Curated Writings: On writing sentences

From the little I have written on the Web, I can relate to a writer's travails. The excruciating pains of labour in constructing a sentence that stammers to sound right. The inconsolable pain at staring the blank white screen endlessly. Vikram Chandra, in his part non-fiction, part memoir, "Mirrored Mind", captures the essence beautifully.   

"Writing sentences felt like construction, and, also, simultaneously, a steady, slow excavation. You put each word in place, brick upon brick, with a shimmery sense of what the whole edifice would look like, the shape of the final thing. But each phrase was also a digging inward, an uncovering. You tunneled, dug, dug, On good days, you emerged from your labours tired but happy. On bad days you were left quivery, stupefied. There was risk and danger involved in this work. You always got strung out, ground down, strained thin. Ended up a little sad, maybe a little mad. Not a way to spend life."

1 comment:

Emeri Gent [Em] said...

The ultimate tragedy of authorship is in the discriminate cultural factor of who is remembered for their writing and who is forgotten. For any given writer, a glimmer for immortality is not a good way to spend a life, but a writer who is in flow - it is a most splendid practice.

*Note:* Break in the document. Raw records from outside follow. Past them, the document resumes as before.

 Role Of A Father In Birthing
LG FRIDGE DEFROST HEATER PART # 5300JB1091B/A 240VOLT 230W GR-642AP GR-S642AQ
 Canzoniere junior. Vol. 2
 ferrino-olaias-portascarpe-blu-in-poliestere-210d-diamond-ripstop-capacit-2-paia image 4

I have not heard of Vikram Chandra, but I have browsed through a book of his called Geek Sublime

Geek Sublime - Vikram Chandra

Ernest Hemingway definitely fits the Chandra passage, and Hemingway was one of a kind - so was Jorge Luis Borges another kind, and both of these giants of literature shaped their authorship to the essence of their being. Jack Kerouac was yet another type of writer, and again the essence of who this man was came out in his writing.

These are the writers who will be remembered but they are in small in number in the vast majority of writers who are lost to history. Loss is the standard accompanied aspect of a writer, even great novels consist of the novel that got published and the two thrown away that gave rise to the novel. Great writers always do more pruning of their work than the one given birth through the act of publishing.

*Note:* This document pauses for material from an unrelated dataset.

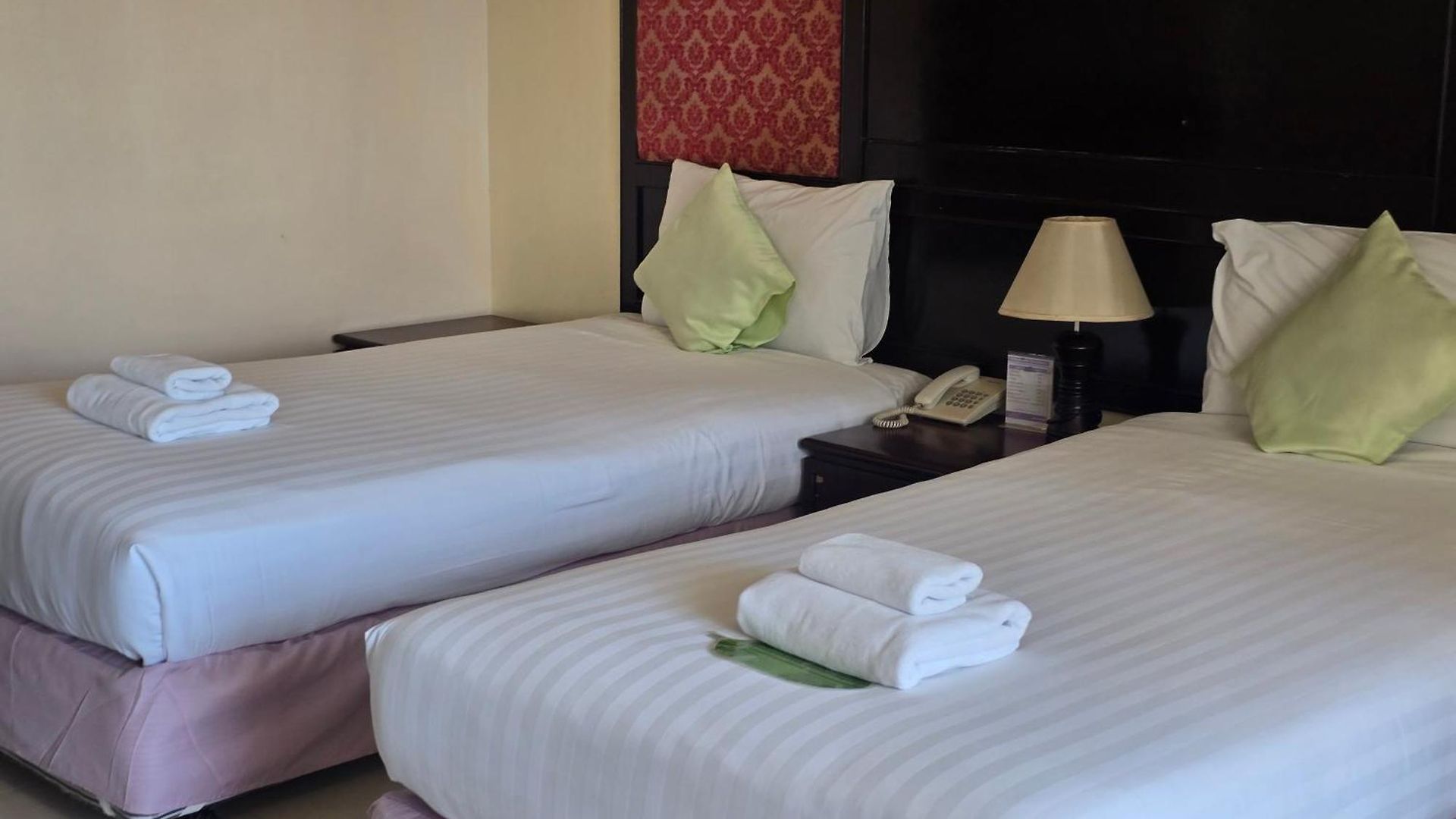Hotel Mike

In a global sense we don't just lose writers, we lose languages and whole cultures, extinction is an evolutionary part of culture as well. What I have seen of Chandra's writing he is an interesting fellow. Far more interesting than his namesake who is the CEO of NDTV - pity then that he does not utilize Twitter unlike his namesake VC.

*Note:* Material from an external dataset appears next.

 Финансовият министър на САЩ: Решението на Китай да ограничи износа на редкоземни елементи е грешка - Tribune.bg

Love is a good starting point for any writer. Unrequited love is a painful form of love, but any author who becomes agape in their writing, then that is the life. This turns writing into a flow experience rather than an immortalizing one. When any writer is immortalized that is when her or his life has become a property of the masses. For the rest of us, the good news is that flow does exist - and writing can become a part of that very thing we refer to as life.